El cheque y la hormiga

Antonio Jiménez Barca

Al español que abre una cuenta bancaria en Francia le llaman la atención, sobre todo, tres cosas: la primera es la escrupulosidad con la que los directores de sucursal conceden un crédito inmobiliario. Hace años, cuando en España a uno le daban alegremente el 120% de lo que costaba el piso (¡ay! ¡qué tiempos los de la burbuja!), los estrictos banqueros franceses no otorgaban más de un innegociable 66%. Ahora es exactamente lo mismo.

La segunda es la obsesión por el ahorro del cliente, a veces a pesar del cliente mismo: a los pocos meses de que este corresponsal abriera una cuenta, una responsable del banco, algo extrañada del comportamiento mercantil de quien esto escribe, concertó una cita y le soltó lo siguiente: "Usted ahorra muy poco, monsieur". Tras las explicaciones improvisadas ("la vida está achuchada, señora; criar dos hijos cuesta mucho; soy un poco despistado"), insistió: "Debería tener un plan de ahorro, como la mayoría de los clientes". No lo decía por decir: la tasa de ahorro de Francia es de las más elevadas de Europa.
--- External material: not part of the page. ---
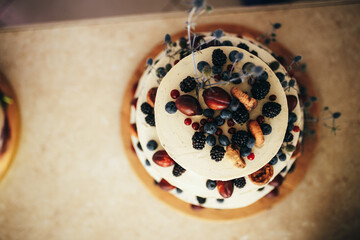Tiered rustic cake topped with fresh blackberries, blueberries, red currants, chestnuts, and nuts, accented with natural flowers on a wooden base. Wedding Cake with Fresh Berries.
Un país de hormiguitas, dicen ellos.

En Francia los bancos no prestan más del 66% del valor del piso
Los franceses ahorran; gracias a eso el consumo no se ha desplomado

La tercera: junto al contrato de apertura, le endosan al cliente dos chequeras enormes que uno cree, erróneamente, que jamás usará.

Las dos primeras características influyen en la economía: la buena salud financiera de los franceses y la alta capacidad de ahorro permitió, por ejemplo, que el consumo no se desplomara en los peores años de la crisis. No hay estudios sobre lo que influyen los cheques en la economía, pero si alguien quiere hacer uno, que venga a Francia: los franceses firman el 62% de todos los cheques que circulan por Europa. Un francés utiliza al año, de media, 100. Un español, 10.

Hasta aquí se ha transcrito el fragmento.